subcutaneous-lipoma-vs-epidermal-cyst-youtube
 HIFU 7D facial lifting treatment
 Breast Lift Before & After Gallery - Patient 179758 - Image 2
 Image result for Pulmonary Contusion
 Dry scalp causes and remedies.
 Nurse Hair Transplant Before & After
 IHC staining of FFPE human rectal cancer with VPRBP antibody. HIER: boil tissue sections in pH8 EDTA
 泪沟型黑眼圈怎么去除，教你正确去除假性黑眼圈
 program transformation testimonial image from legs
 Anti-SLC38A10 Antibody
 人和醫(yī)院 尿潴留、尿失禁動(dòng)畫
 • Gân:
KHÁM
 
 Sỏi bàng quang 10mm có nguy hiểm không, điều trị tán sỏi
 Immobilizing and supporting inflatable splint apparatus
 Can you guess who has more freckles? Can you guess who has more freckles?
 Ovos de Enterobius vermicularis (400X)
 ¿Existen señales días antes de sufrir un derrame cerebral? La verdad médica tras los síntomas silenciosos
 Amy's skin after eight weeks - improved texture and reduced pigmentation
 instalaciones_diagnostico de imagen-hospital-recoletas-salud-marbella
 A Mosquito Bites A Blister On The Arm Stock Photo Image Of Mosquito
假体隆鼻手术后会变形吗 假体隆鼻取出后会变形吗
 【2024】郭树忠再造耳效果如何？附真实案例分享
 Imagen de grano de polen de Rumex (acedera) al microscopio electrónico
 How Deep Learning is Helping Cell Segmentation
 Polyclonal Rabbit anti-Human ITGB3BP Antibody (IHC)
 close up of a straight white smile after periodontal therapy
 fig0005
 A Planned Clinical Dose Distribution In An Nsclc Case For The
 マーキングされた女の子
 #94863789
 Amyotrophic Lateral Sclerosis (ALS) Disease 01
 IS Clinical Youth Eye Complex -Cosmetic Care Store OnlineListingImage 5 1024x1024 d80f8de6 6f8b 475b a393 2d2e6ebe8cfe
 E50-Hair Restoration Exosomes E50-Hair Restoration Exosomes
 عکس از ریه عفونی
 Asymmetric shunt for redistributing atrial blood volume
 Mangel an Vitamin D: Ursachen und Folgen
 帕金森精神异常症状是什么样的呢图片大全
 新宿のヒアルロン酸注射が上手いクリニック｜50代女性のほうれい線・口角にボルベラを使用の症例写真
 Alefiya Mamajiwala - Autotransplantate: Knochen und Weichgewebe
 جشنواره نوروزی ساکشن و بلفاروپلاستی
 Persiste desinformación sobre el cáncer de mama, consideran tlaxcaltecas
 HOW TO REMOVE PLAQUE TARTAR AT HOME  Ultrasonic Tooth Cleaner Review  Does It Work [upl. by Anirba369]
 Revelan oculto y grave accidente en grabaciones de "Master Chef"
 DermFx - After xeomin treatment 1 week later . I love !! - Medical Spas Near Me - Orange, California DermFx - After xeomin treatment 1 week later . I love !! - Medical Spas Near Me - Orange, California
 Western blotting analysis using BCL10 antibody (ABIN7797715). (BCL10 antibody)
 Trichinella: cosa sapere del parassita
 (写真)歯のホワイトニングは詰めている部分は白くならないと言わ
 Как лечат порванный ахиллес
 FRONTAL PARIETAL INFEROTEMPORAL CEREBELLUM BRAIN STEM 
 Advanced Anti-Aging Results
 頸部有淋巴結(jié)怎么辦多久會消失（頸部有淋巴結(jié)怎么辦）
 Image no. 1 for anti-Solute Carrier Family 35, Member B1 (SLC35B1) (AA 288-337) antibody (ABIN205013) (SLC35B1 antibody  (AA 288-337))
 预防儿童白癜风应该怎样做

• [Exercise prompt]
Your answer should be the lines above from the one containing "假体隆鼻手术后会变形吗 假体隆鼻取出后会变形吗" through the one containing "新宿のヒアルロン酸注射が上手", copied exactly and with both ends kept.

• [Solution below]
假体隆鼻手术后会变形吗 假体隆鼻取出后会变形吗
 【2024】郭树忠再造耳效果如何？附真实案例分享
 Imagen de grano de polen de Rumex (acedera) al microscopio electrónico
 How Deep Learning is Helping Cell Segmentation
 Polyclonal Rabbit anti-Human ITGB3BP Antibody (IHC)
 close up of a straight white smile after periodontal therapy
 fig0005
 A Planned Clinical Dose Distribution In An Nsclc Case For The
 マーキングされた女の子
 #94863789
 Amyotrophic Lateral Sclerosis (ALS) Disease 01
 IS Clinical Youth Eye Complex -Cosmetic Care Store OnlineListingImage 5 1024x1024 d80f8de6 6f8b 475b a393 2d2e6ebe8cfe
 E50-Hair Restoration Exosomes E50-Hair Restoration Exosomes
 عکس از ریه عفونی
 Asymmetric shunt for redistributing atrial blood volume
 Mangel an Vitamin D: Ursachen und Folgen
 帕金森精神异常症状是什么样的呢图片大全
 新宿のヒアルロン酸注射が上手いクリニック｜50代女性のほうれい線・口角にボルベラを使用の症例写真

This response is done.